[Material provided]

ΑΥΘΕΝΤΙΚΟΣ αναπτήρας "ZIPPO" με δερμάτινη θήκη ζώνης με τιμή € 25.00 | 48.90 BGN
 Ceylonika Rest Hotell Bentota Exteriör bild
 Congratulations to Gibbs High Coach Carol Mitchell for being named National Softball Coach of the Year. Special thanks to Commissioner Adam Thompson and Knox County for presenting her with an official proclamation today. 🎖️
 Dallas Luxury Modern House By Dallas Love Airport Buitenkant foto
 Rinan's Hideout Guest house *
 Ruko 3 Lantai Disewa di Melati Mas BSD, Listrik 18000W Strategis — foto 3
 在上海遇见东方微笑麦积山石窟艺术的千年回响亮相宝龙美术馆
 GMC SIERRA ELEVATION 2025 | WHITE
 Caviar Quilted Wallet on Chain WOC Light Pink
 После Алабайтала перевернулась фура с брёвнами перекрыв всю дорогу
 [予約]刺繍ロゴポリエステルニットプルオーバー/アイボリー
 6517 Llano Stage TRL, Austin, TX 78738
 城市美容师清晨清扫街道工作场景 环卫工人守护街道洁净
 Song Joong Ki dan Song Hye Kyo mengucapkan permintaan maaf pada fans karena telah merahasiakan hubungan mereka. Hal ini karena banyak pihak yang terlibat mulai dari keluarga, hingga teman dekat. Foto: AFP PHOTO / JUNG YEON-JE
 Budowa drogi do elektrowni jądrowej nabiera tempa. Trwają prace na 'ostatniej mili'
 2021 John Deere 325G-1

[/Material provided]

**Instructions to follow:** Among the entries above, the lines between the ones containing "После Алабайтала перевернулась" and "城市美容师清晨清扫街道工作场景 环卫工人守护街道洁净", inclusive, are to be transcribed exactly. No other line is to be given.

**Reply to the task:**
 После Алабайтала перевернулась фура с брёвнами перекрыв всю дорогу
 [予約]刺繍ロゴポリエステルニットプルオーバー/アイボリー
 6517 Llano Stage TRL, Austin, TX 78738
 城市美容师清晨清扫街道工作场景 环卫工人守护街道洁净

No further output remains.